- **Given information**
== Segment start ==
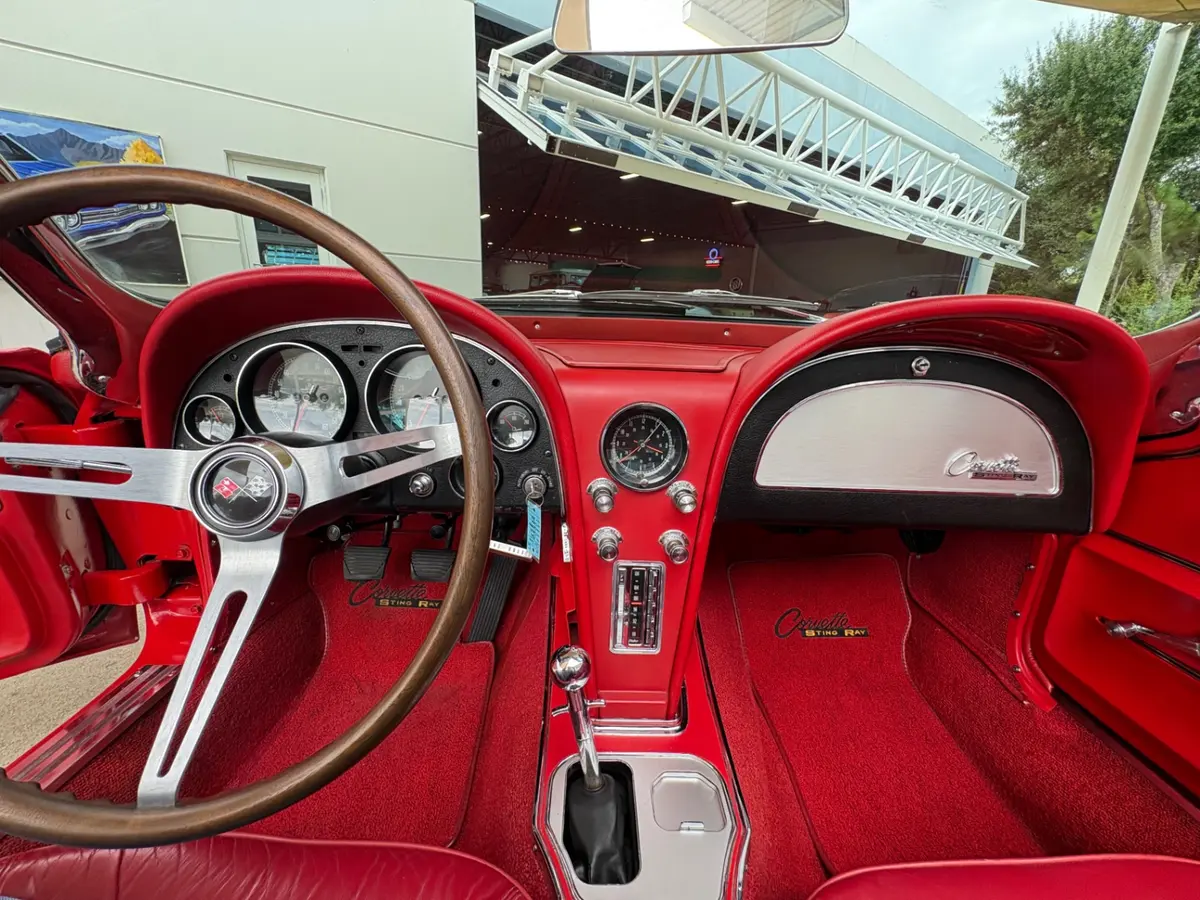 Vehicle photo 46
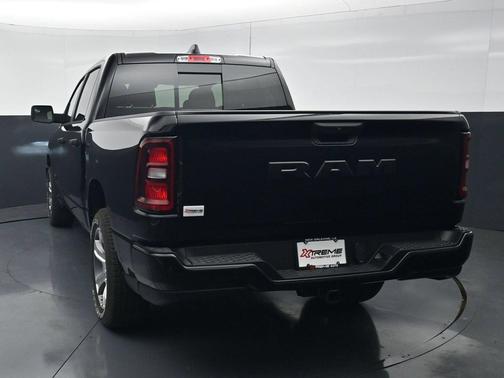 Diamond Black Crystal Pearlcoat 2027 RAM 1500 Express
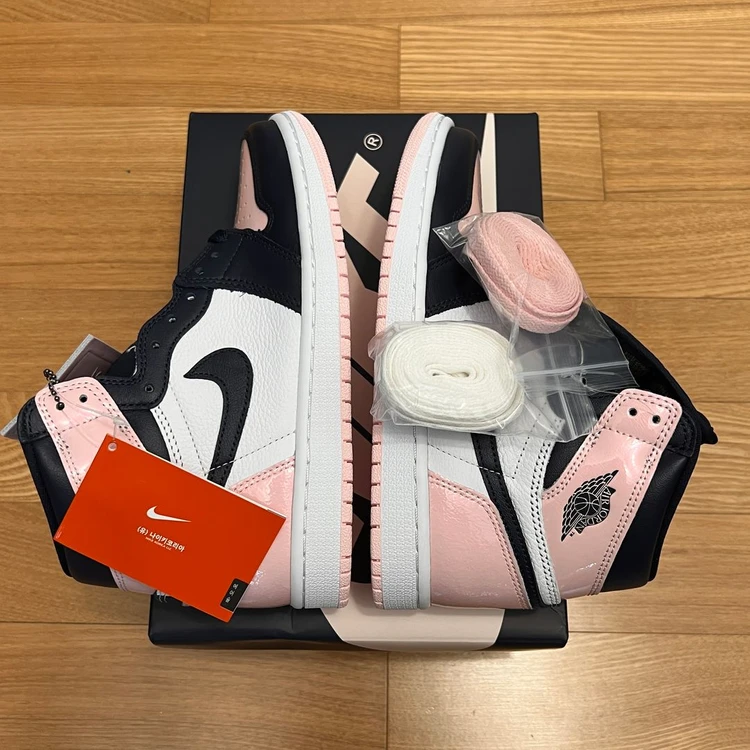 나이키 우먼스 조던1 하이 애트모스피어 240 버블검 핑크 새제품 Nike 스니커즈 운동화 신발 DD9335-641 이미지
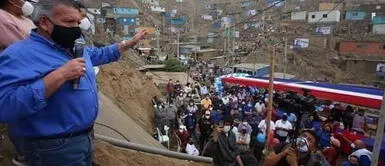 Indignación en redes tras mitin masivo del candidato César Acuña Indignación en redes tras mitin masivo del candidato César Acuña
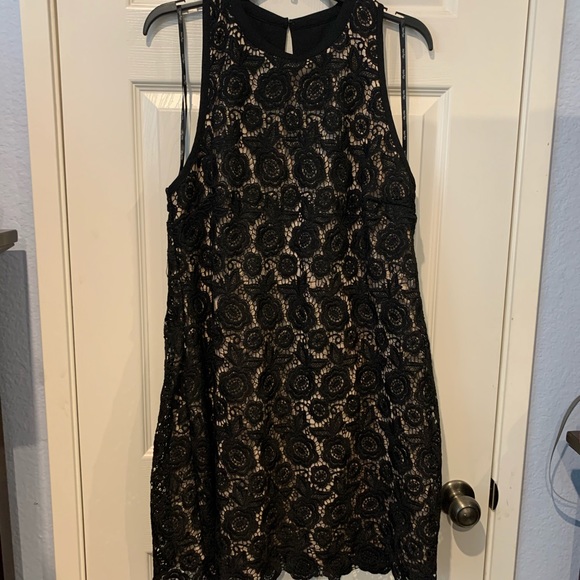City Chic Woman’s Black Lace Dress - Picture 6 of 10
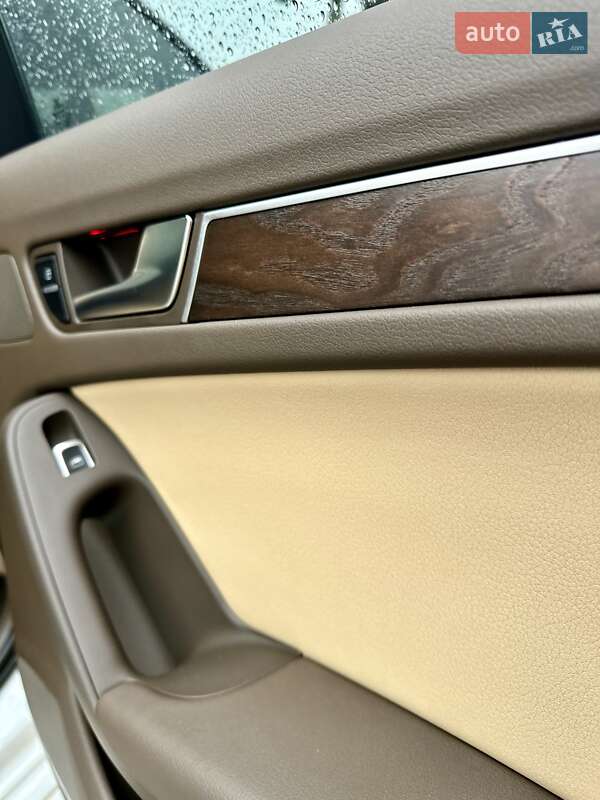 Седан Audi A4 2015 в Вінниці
== Segment end ==
== Segment start ==
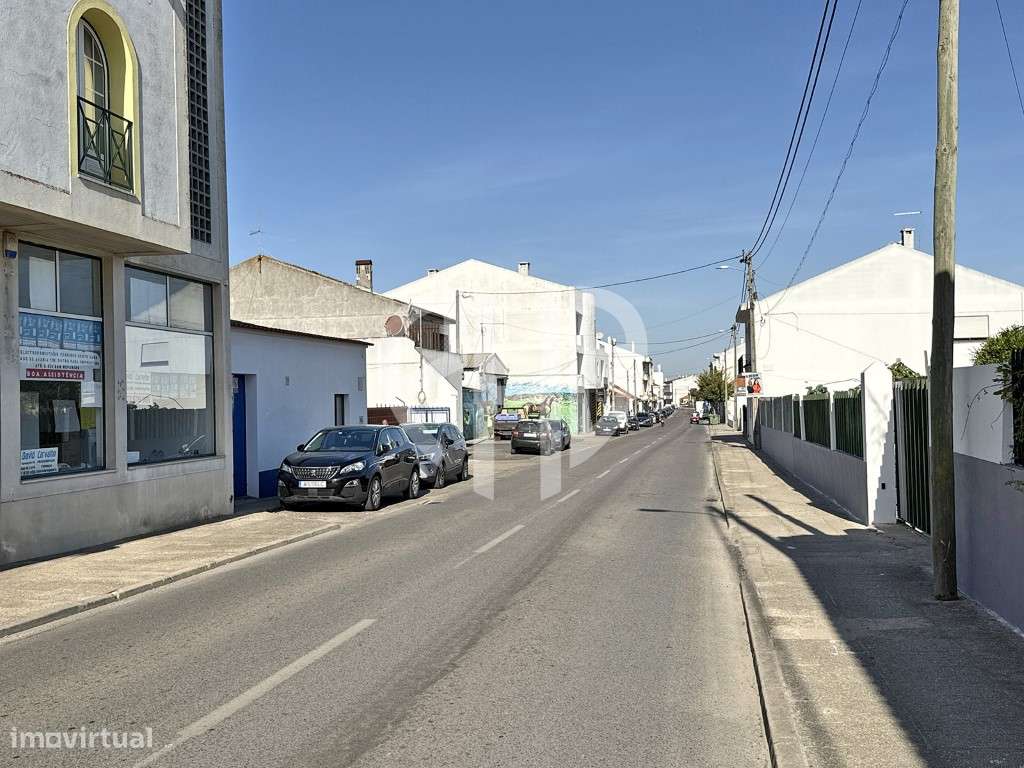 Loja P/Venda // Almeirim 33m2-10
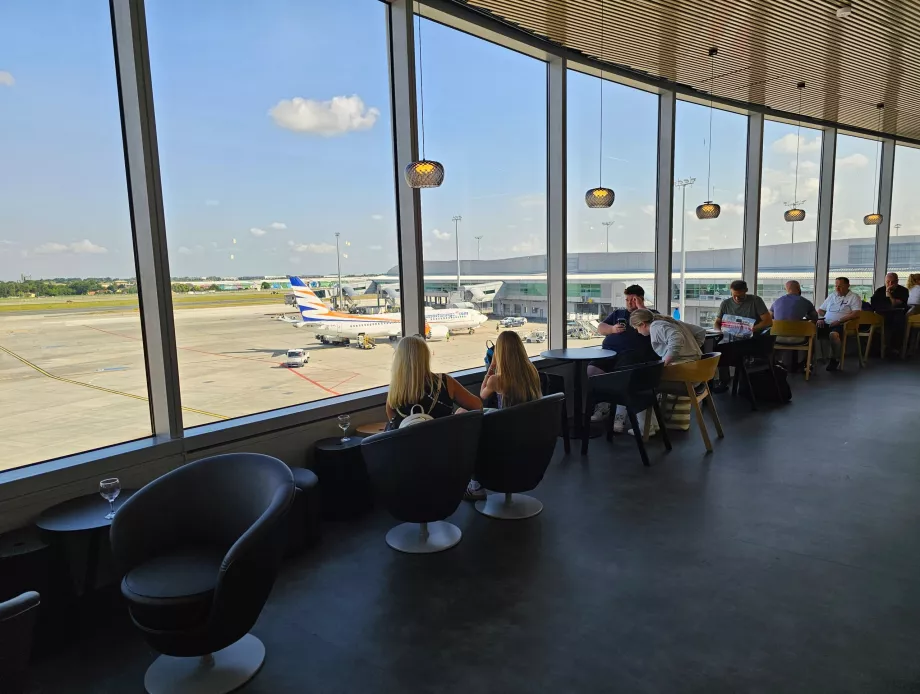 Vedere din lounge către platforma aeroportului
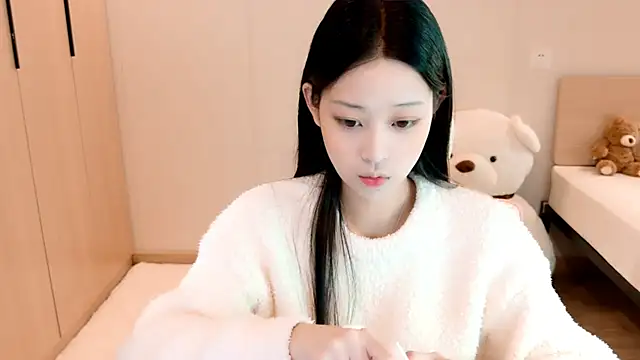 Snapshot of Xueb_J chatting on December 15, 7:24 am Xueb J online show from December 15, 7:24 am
== Segment end ==
- **Task goal**
For this exercise, please set down exactly the lines of the listing above from the line with "Vedere din lounge" up to and including the line with "Snapshot of Xueb_J", and no pictures.

- **Expected answer**
 Vedere din lounge către platforma aeroportului
 Snapshot of Xueb_J chatting on December 15, 7:24 am Xueb J online show from December 15, 7:24 am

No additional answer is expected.